Já me fiz essa pergunta muitas vezes. Tenho a leitura como vício. Leio tudo, até bula de remédio, mas às vezes me pergunto se não é perda de tempo, se não seria melhor trocar os livros por outra atividade mais produtiva ou, melhor, que me trouxesse retorno imediato... No entanto, mesmo pensando assim, não abandono os livros, e perco horas com eles... Fazer o quê???
Claro que dá para viver sem literatura, mas vive-se mais precariamente, a meu ver. A literatura está no âmbito das artes e está no âmbito do simbólico/imaginário.
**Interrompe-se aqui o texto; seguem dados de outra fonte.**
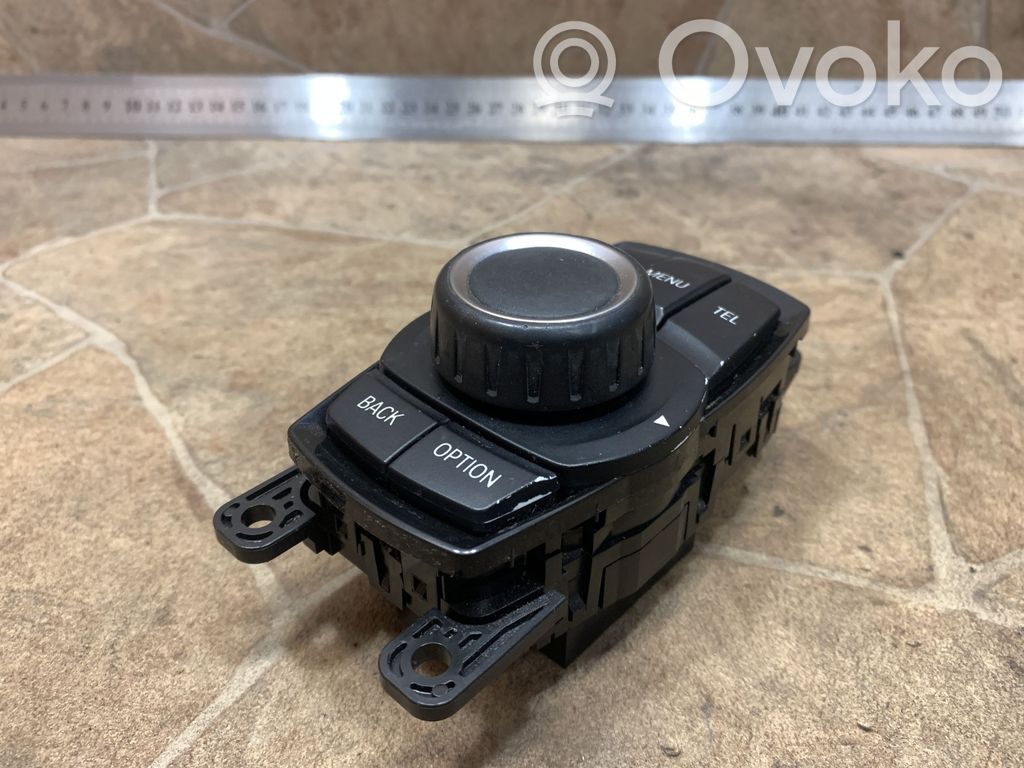 BMW 3 F30 F35 F31 Multimediju kontrolieris 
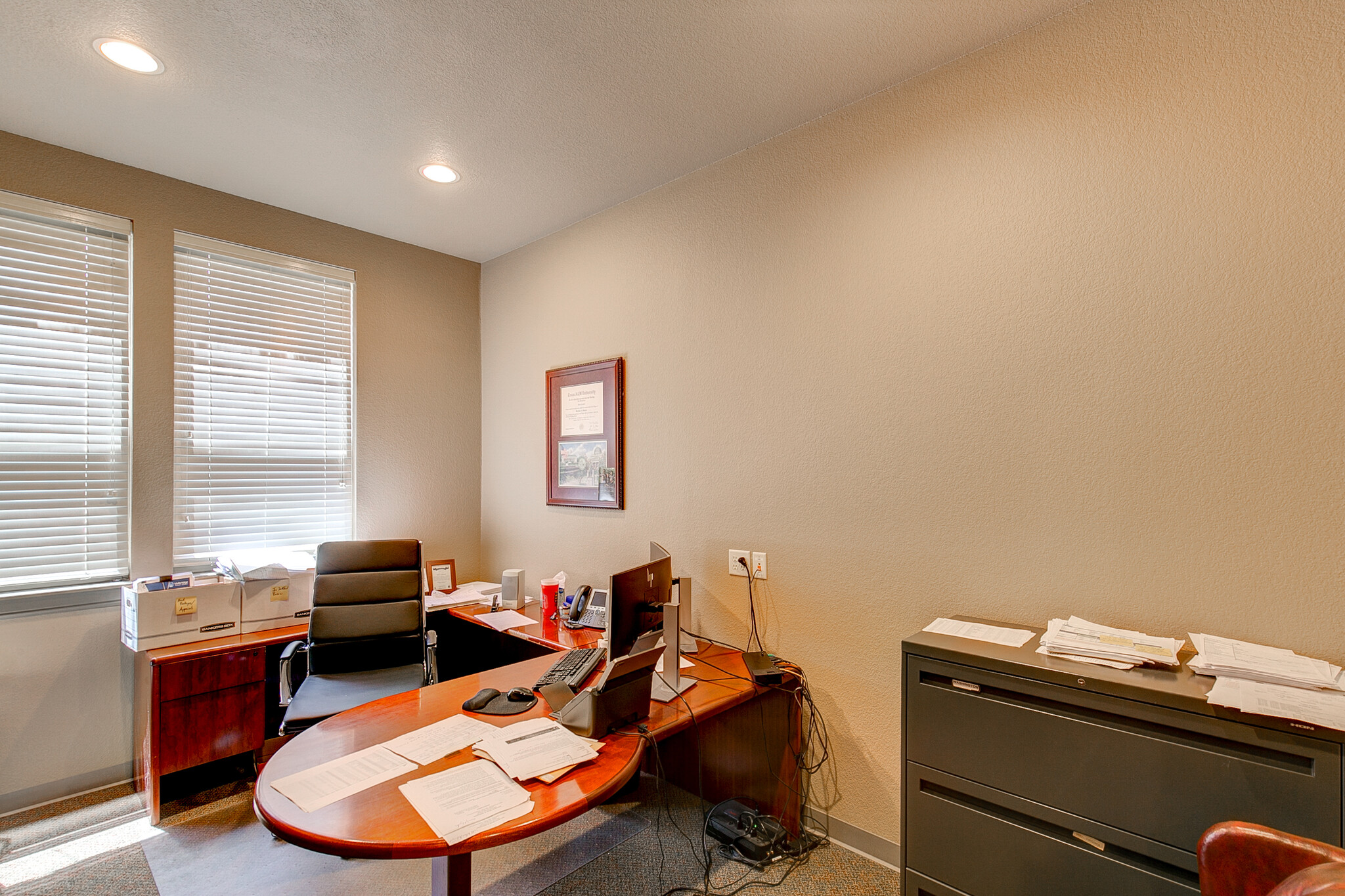 640 W Southlake office with desk and filing cabinet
Psicanalistas que estudaram Lacan sabem da sua importância para o equilíbrio proposto pelo nó borromeano. Literatura é tão importante quanto brincar é importante para a criança. Há crianças pobres que jamais pegaram num brinquedo e sofrerão de uma falta simbólica. O mesmo se dá com os livros. Os livros não fazem ninguém melhor, no sentido de ser uma pessoa boa, mas é claro que, estando no âmbito da arte, amplia-lhe o repertório. Tenho para mim, também, que ao ler a história de outras pessoas, no caso eu falo de ficção e, consequentemente, de outros personagens, saímos de nosso mundinho e desenvolvemos a compaixão. Tornamo-nos menos egóicos. É isto. No mais, literatura é prazer, puro prazer... Mas nosso imaginário caminha junto e com ela, a literatura, sempre há um aprendizado. É isto...
O Sr. Marcelo Spalding mistura alhos com bugalhos em seu texto. Seu título é interessante e trouxe-me ao texto com uma certa expectativa, frustrada por uma viagem superficial por tópicos irrelevantes ao título como materialismo, altruismo, gosto por poesia etc. Recomendo ao Sr. Spalding (pertinente ao tema) uma leitura: "O Gene Egoísta" ("The Selfish Gene"), de Richard Dawkins, para entender que a literatura é um dos mecanismos de evolução da cultura da espécie humana, uma evolução tão Darwiniana como a evolução biológica da espécie. Essa evolução cultural é basicamente o que nos separa das outras espécies animais, e portanto a questão real é: evoluiríamos melhor, ou seríamos melhor adaptados sem o mecanismo de passagem de "memes" (leia o livro recomendado) proporcionado pela literatura? Eu, pessoalmente, acho que não, porém, como diria Darwin, teríamos de eliminar a literatura de uma população, esperar umas gerações, e aí teremos a resposta. Obrigado pela oportunidade de comentar.
Acabo de ler o livro de Compagnon e o achei extremamente produtivo em seus questionamentos. A Literatura terá sentido e utilidade na vida das pessoas que estão buscando algo mais, que desejam novas compreensões, novos sentidos. A Literatura nos ajuda a ler o mundo e a nós mesmos. Dizia o Guimarães Rosa que, quando nos lançamos nas questões da língua e do que ela pode produzir, encontramos a nós mesmos. Para mim, tem sido uma viagem altamente proveitosa. É uma pena que algumas pessoas não façam uso desse instrumento de reflexão e de aprendizagem. "O sol doira sem Literatura", dizia o Fernando Pessoa, mas tudo se torna mais significativo com ela. Acredito que o Sr. Spalding foi um pouco simplista em suas colocações, pois seu pai deve ser uma ótima pessoa pelas coisas que aprendeu, pelas leituras da vida que foi capaz de realizar. As narrativas orais, os casos que contamos, como narramos nosso passado, tudo isso é LITERATURA, de alguma forma. Desejo-lhe, sinceramente, felicidades.